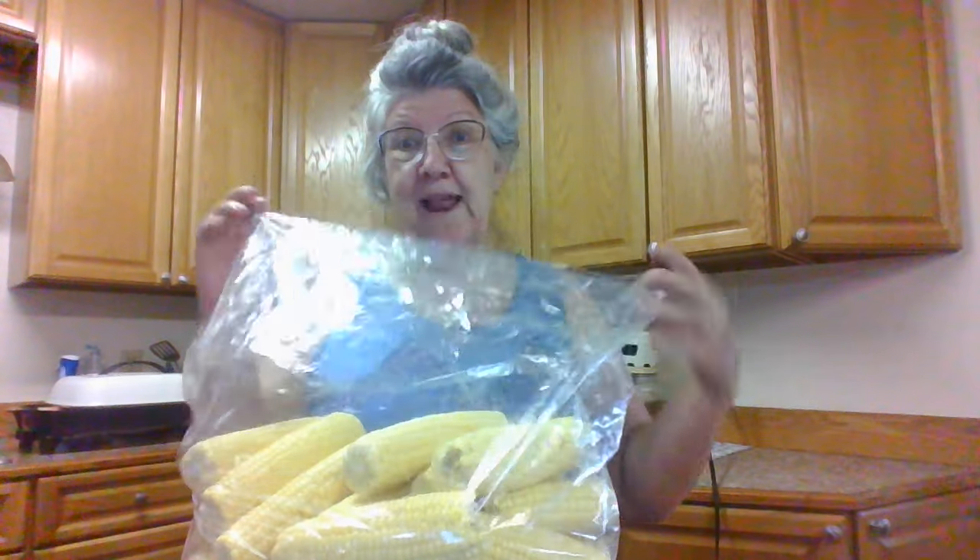So Terry, my husband, has been out to the garden and he picked half of a row and shucked it for me. And I've got this much corn. I told him to put it in these bags so the flies and stuff couldn't get on it till I could work on it. It's not been in here 20 minutes maybe. And I'm going to put it in the sink and wash it.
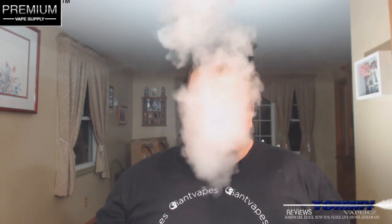It's not a bad vape. Again, where you can pick this up is at Premium Vapesupply, www.premiumvapesupply.com — all their links will be down below. That's going to do it for tonight, so until the next time, keep vaping.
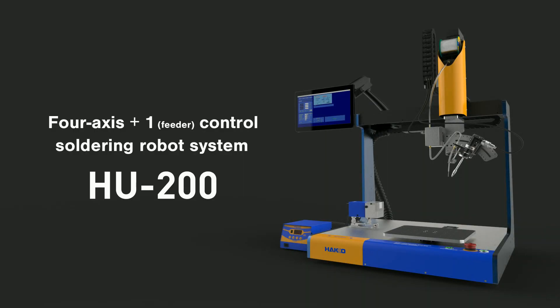The Hakko HU-200 is designed to allow any person to easily set the robot for quick automation. Adopting servo motors for the robot axis realizes high accuracy and quietness of high specification functionality. Please experience the soldering robot system HU-200 with its superior cost performance.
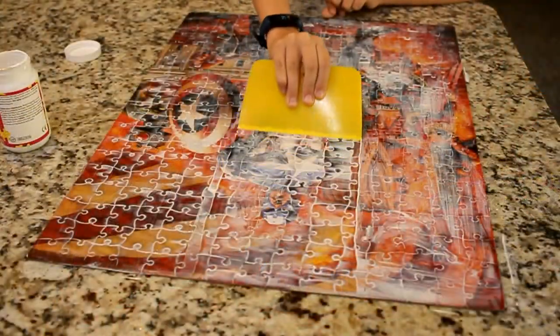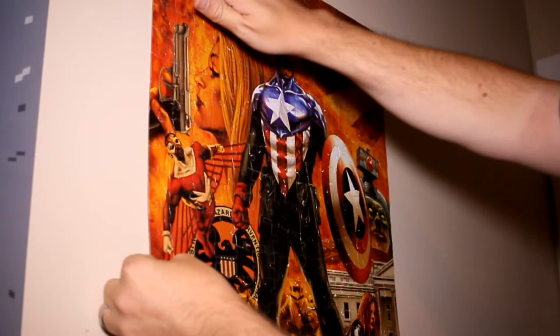Once it had dried, I could add it to my collection on the wall of my bedroom. If you liked the video, please consider subscribing or leaving a comment down below. Stay tuned — there are more builds to come. See ya!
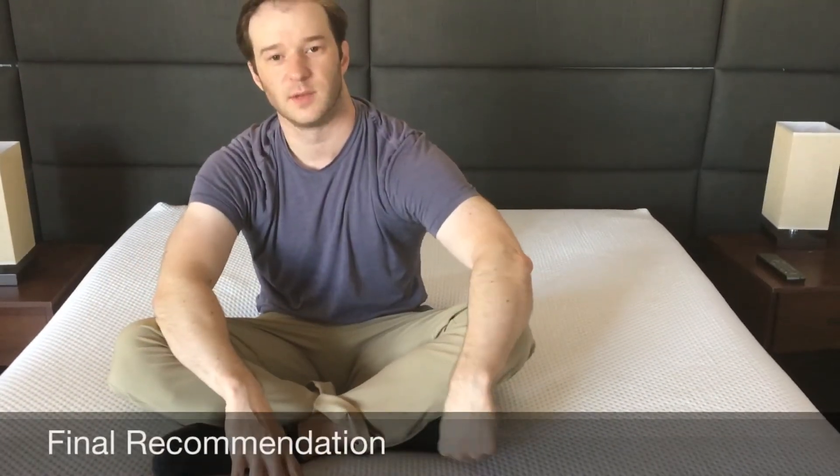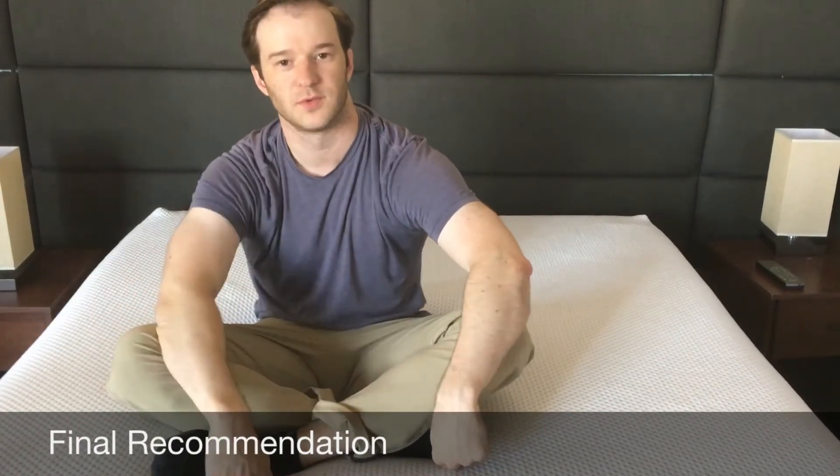The final word: if you're a side sleeper looking to sink into your mattress, want the memory foam feel without the feeling of getting stuck, and want something more breathable, this can be a really good option for you.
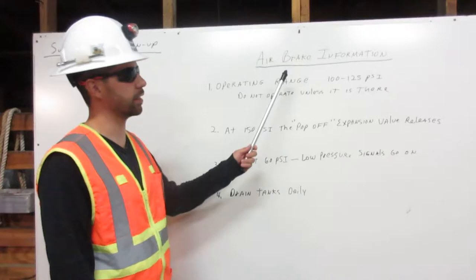I am Jose Puyol. I am a heavy equipment operator and I am going to discuss air brake information.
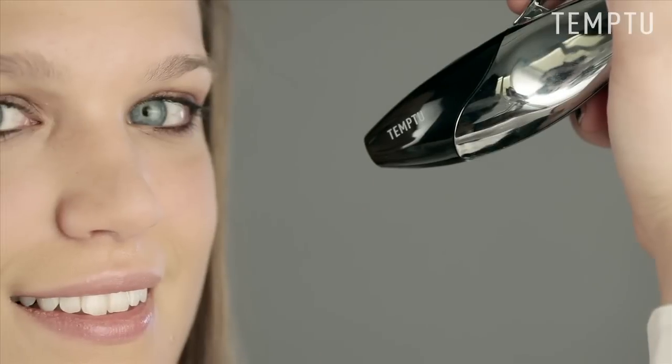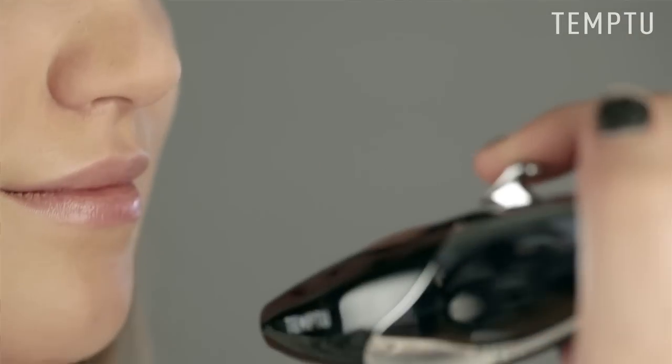Using the Temp2 Airbrush Makeup System, apply bronzer to the forehead, the cheekbones, the bridge of the nose, and the chin for a natural golden tint. Try it today and get that sun-kissed, beach chic glow all year round.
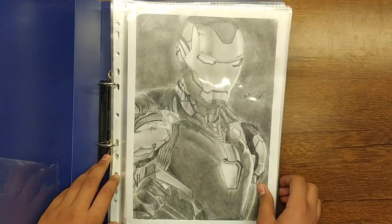Welcome back to our channel. Happy New Year! Today we are going to show you all our 2023 drawings. And this is the face reveal. So let's start.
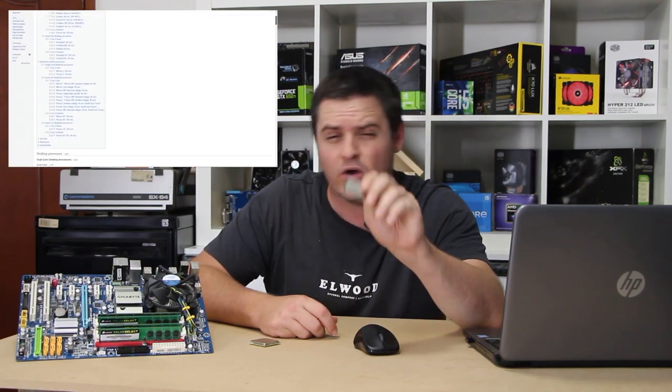However, unfortunately, their sales department may have had the worst naming scheme ever. Still to this day, I still need to look up what exactly a Core 2 Duo E-Series CPU is.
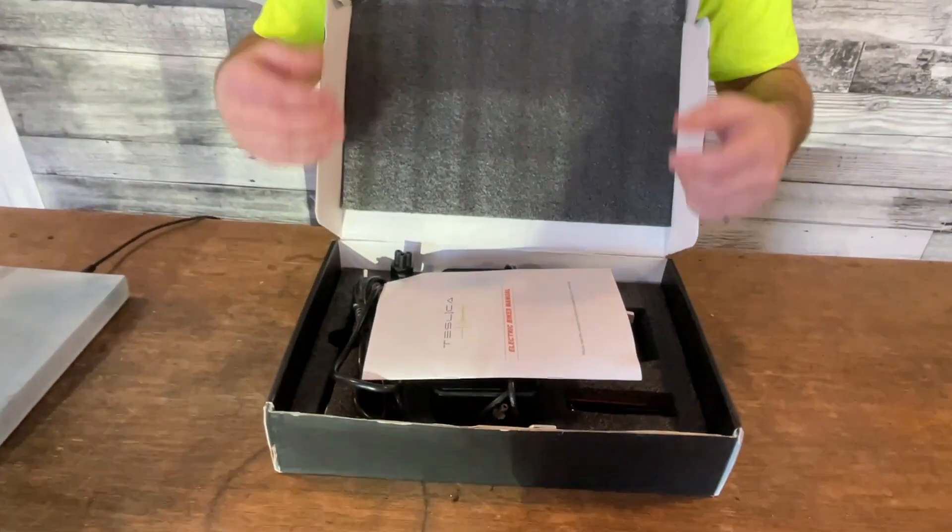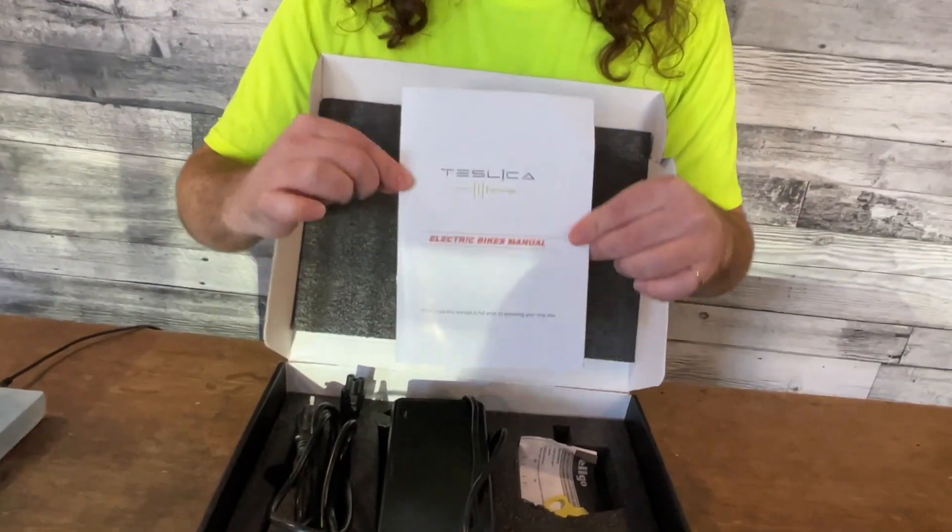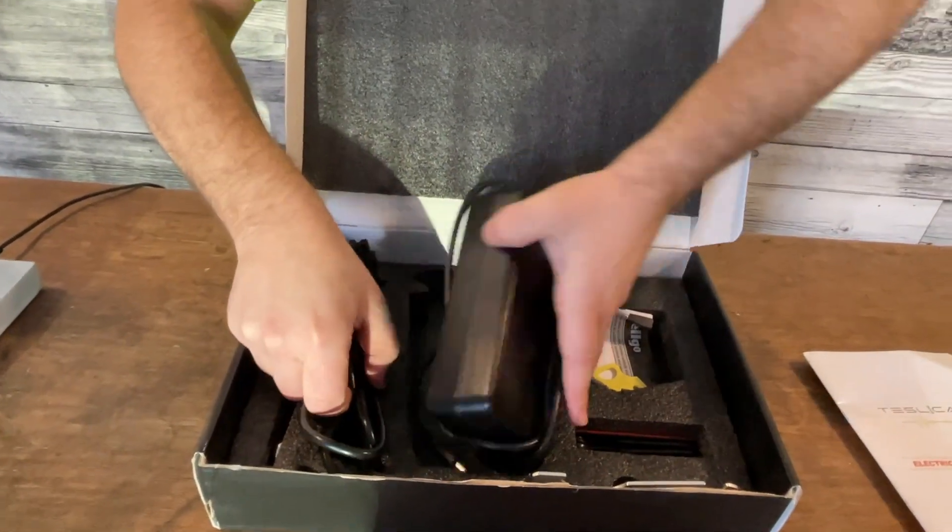Opening it up, you'll see you have your manual, and we do recommend you give that a read before your first ride. The charger, which we will discuss more later.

→ **Exercise details**
Give back, word for word, the lines from the one containing "Once it had" through the last line of the listing above; include both ends and exclude the pictures.

→ **Completed exercise**
Once it had dried, I could add it to my collection on the wall of my bedroom. If you liked the video, please consider subscribing or leaving a comment down below. Stay tuned — there are more builds to come. See ya!
The final word: if you're a side sleeper looking to sink into your mattress, want the memory foam feel without the feeling of getting stuck, and want something more breathable, this can be a really good option for you.
I am Jose Puyol. I am a heavy equipment operator and I am going to discuss air brake information.
Using the Temp2 Airbrush Makeup System, apply bronzer to the forehead, the cheekbones, the bridge of the nose, and the chin for a natural golden tint. Try it today and get that sun-kissed, beach chic glow all year round.
Welcome back to our channel. Happy New Year! Today we are going to show you all our 2023 drawings. And this is the face reveal. So let's start.
However, unfortunately, their sales department may have had the worst naming scheme ever. Still to this day, I still need to look up what exactly a Core 2 Duo E-Series CPU is.
Opening it up, you'll see you have your manual, and we do recommend you give that a read before your first ride. The charger, which we will discuss more later.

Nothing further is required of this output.